При любых оговорках в адрес обновленного индекса классового голосования, который представлен в научной литературе, следует исходить из того, что имеющиеся данные указывают на ослабление роли социального класса как фактора, объясняющего электоральное поведение.
Во Франции доля избирателей, относимых к промышленным рабочим, упала с 51 % в 1951 г. до 41 % в 1965 г., а затем до 30 % в 1968 г. До недавних пор Франция демонстрировала значительные различия по географическому распределению электората. Имеются данные экономического, религиозного и политического характера за период 1950–1970 гг. по 3 тыс. административных единиц, называемых кантонами, которые стали предметом территориального изучения. Агрегатный анализ и результаты опросов показывают, что в 1950-е гг. существовала значительная корреляция между принадлежностью к социально-экономическим слоям и голосованием, однако ее уровень менее высок, чем уровень корреляции между соблюдением религиозных обрядов и голосованием.
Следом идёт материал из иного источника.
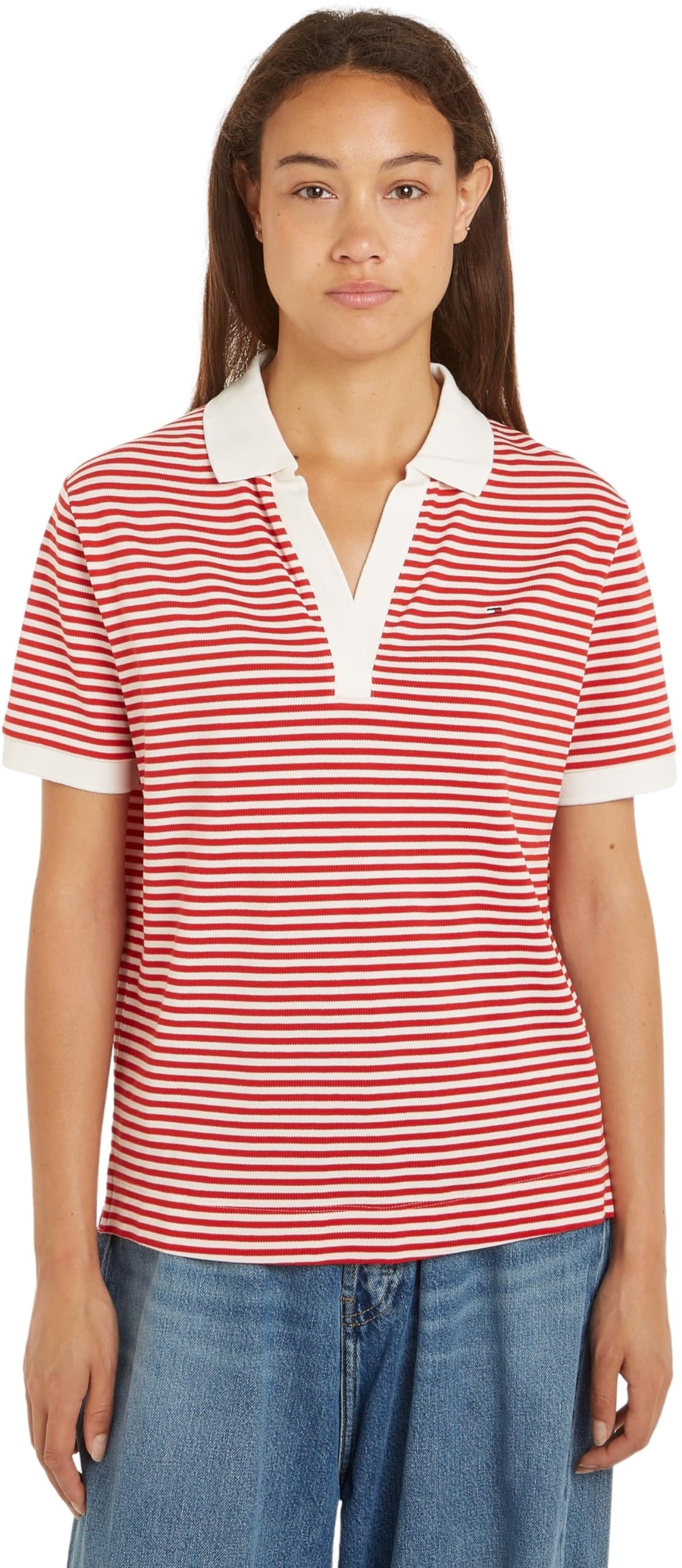 Tommy Hilfiger Mujer Polo de Manga Corta Regular Fit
Индекс классового голосования значительно упал за десятилетний период правления голлистов. На деле более трети голосов электорального большинства, полученного голлистами на выборах 1962, 1965 и 1968 гг., принадлежала избирателям из рабочего класса, хотя в это время промышленные рабочие составляли от 38 до 41 % трудового населения. На президентских выборах 1974 г. и парламентских выборах 1978 г. индекс классового голосования, измеряемый по схеме «правые» – «левые», изменился весьма незначительно вследствие притока к социалистам голосов нижнего среднего класса, т. е. лиц, работающих по найму, и падения числа голосов рабочих за коммунистов (хотя абсолютное число избирателей из рабочих сократилось). На выборах 1978 г. разница между долей голосов рабочего класса (65 %) и долей голосов учителей начальных школ, техников и конторских служащих, поданных за левых, сократилась. Левые тогда получили среди последних трех категорий избирателей соответственно 65, 57 и 54 % голосов.
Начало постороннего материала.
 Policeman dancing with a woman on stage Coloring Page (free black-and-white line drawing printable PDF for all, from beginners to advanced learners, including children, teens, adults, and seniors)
Избрание социалиста на пост президента в 1981 г. и его переизбрание в 1988 г. в сочетании с результатами парламентских выборов того периода способствовали завершению превращения социалистов в партию среднего класса и продемонстрировали постепенное падение влияния коммунистов в рабочем классе. Индекс классового голосования получил еще один удар: в 1988 г. разрыв между долей голосов рабочих и долей голосов служащих, поданных за левых, практически исчез: показатели соответственно составили 68 и 64 % (SOFRES, 1988).
Редкое явление в электоральной истории Франции произошло на президентских выборах 1995 г., когда значительное число промышленных рабочих проголосовало за крайне правых (то же самое в свое время произошло в Веймарской республике); опрос на выходе из избирательного участка показал, что 31 % промышленных рабочих проголосовали именно таким образом. По данным этого опроса общее число голосов, поданных за кандидата коммунистов и крайне правого кандидата, составило не более 22 %, за кандидата социалистов – 21 %, а за правоцентристских кандидатов – 25 %. Другими словами, более половины избирателей из рабочего класса отдали голоса за крайне правого и крайне левого депутатов, демонстрируя неудовлетворенность годами правления социалистов. Наиболее значительная доля голосов рабочего класса, поданных за крайне правых, отмечалась в городах и округах со значительным числом иммигрантов-неевропейцев. Такова была реакция избирателей на социальные условия. В определенных социальных условиях обнаруживалось сходство между крайне правыми и крайне левыми. Уже в 1993 г. разница в доле голосов рабочих и служащих, поданных за социалистических и коммунистических кандидатов, была весьма незначительной. В 1995 г. индекс классового голосования составил отрицательную величину, и это была не просто неудача, а провал.